A tikkun leil shavuot (the spelling I'm accustomed to, pronounced [tee-KOON lay-EEL shah-voo-OHT]) is an evening of communal study which generally ends at midnight with a sweet treat featuring the holiday's traditional dairy products; and cheesecake - which is so luscious! - is often the preferred indulgence.

Many people eat blintzes at Shavuot, since the folded and stuffed crepes resemble Torah scrolls and the tablets containing the Ten Commandments.

But I have my own traditional dairy dessert for Shavuot: "fried" ice cream. Blintzes require making the crepes, filling the crepes, folding the crepes, frying the crepes ... a lot of bother, even if the end result is utterly fabulous.

So I just make these easy "fried" ice cream cylinders, shaping softened ice cream and then letting it set before rolling the "scrolls" in sweetened cookie crumbs and drizzling them with chocolate sauce. This still honors the dairy tradition whose origins are unknown, though it is thought to be a reference to Israel being the "land of milk and honey"; and it still offers something sweet and celebratory, but without a lot of effort.

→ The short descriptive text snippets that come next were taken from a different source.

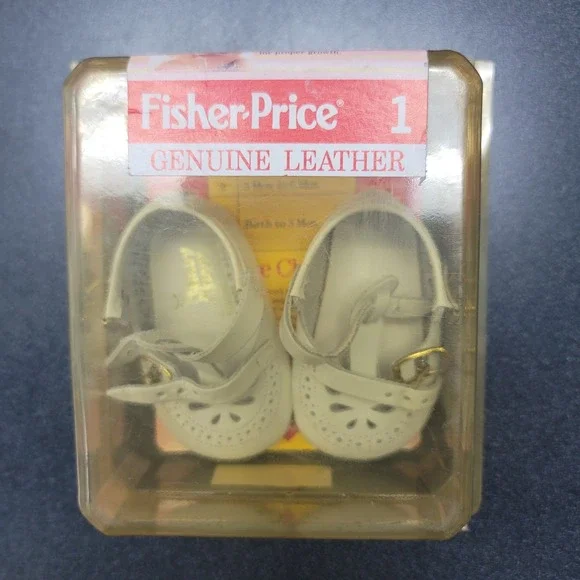 Vintage Fisher-Price Doll / Baby Deer T-Strap Shoes Unisex Size 1 White Leather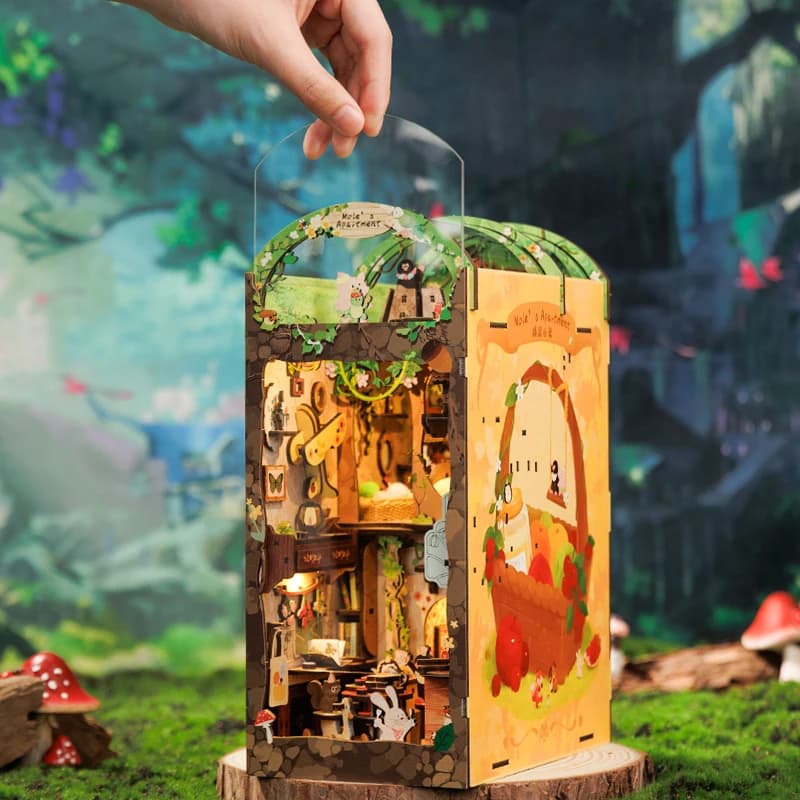CUTEBEE – Kit de coin de livre de bricolage, maison de poupée 3D en bois, étagère avec couvercle ant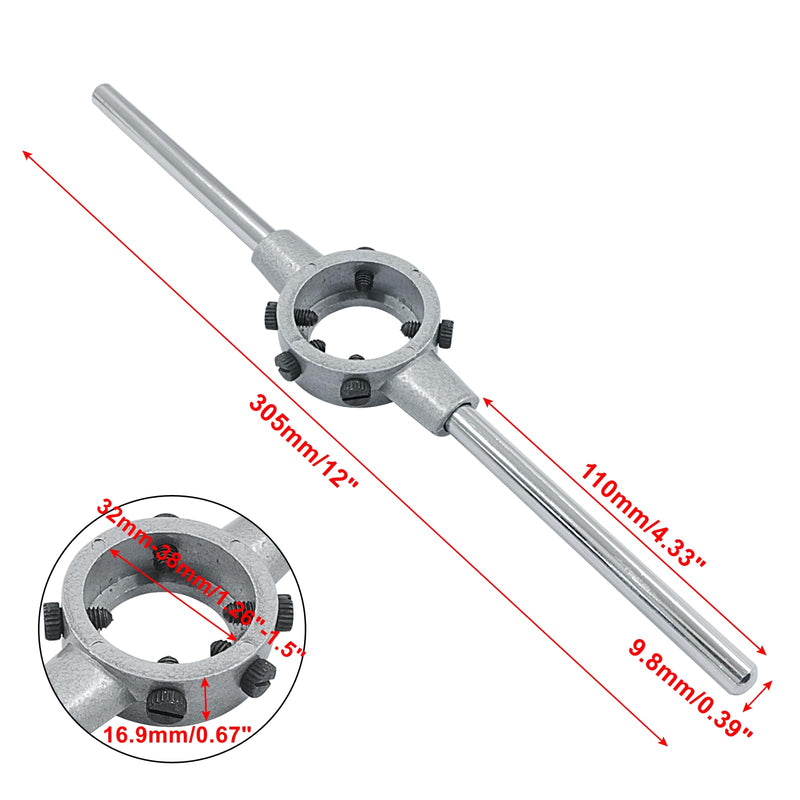 1-1/2 Inch (38mm) Die Stock Handle Wrench, M12-M14 Adjustable Die Wrench Handle Holder, Heavy Duty Round Die Holder M12-M14 / 14mm-38mm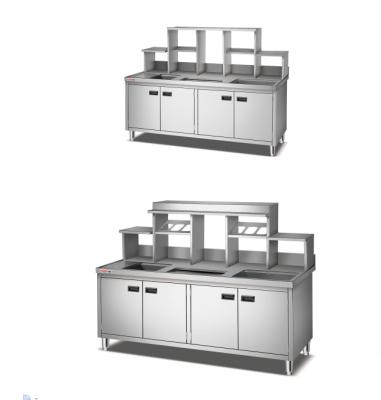 China Modern Custom Stainless Steel Work Bench Bar Cocktail Counter Cabinet / Metal Cocktail Station Cabinet Maker for sale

Shavuot is a holiday, after all!

"Fried" Ice Cream Torah Scrolls

1-1/3 cups ice cream, any flavor, softened a bit
8 vanilla wafers, finely crushed
generous sprinkle of cinnamon
3 tablespoons sugar
chocolate sauce

Place a square of plastic wrap onto the countertop. Place 1/3 cup ice cream in the center.

Shape into a 3" long cylinder, then wrap it up in the plastic wrap, twisting the ends, and place into the freezer to set. Repeat with remaining ice cream until you have 4 cylinders.

When the ice cream is set, combine the wafer crumbs, cinnamon and sugar on a plate. One by one, unwrap the ice cream cylinders and roll them in the crumb mixture until they are very well coated.

Place the coated ice cream onto a freezer-safe plate that has been covered with plastic wrap, then repeat with the remaining ice cream. Freeze until set.

Place 2 ice cream cylinders onto a dessert plate. Place froofy toothpicks into the tops and bottoms of the "scrolls" (to represent decorative crowns). Drizzle chocolate sauce over the ice cream. Repeat with remaining cylinders.

Serves 2.


Unknown said...

I love that so many holidays revolve around delicious foods... and who wouldn't love a holiday celebration that ends with a sweet treat? Love this "fried" ice cream idea! Will definitely be trying this!

Karen Harris said...

This looks so good. I've made these with cinnamon and sugar corn flakes but this looks even easier and maybe tastier.

Unknown said...

What a great way to frame an ice-cream roll for Shavuot! It looks really, really good.

I doubt I'll be eating something that yummy tonight, tho. How do you do Shavuot on a diet?

Robin said...

That looks divine. Yum.

Cranberry Morning said...

Wow! Don't these sound fantastic. I think you could fool anyone into believing that you toiled for hours over those things! :-)

gluten Free A_Z Blog said...

How creative! I taught Hebrew School for 13 years and didn't know about the tradition of the blintzes looking like Torah's . Informative post and great yummy recipe.. Happy Shavuot!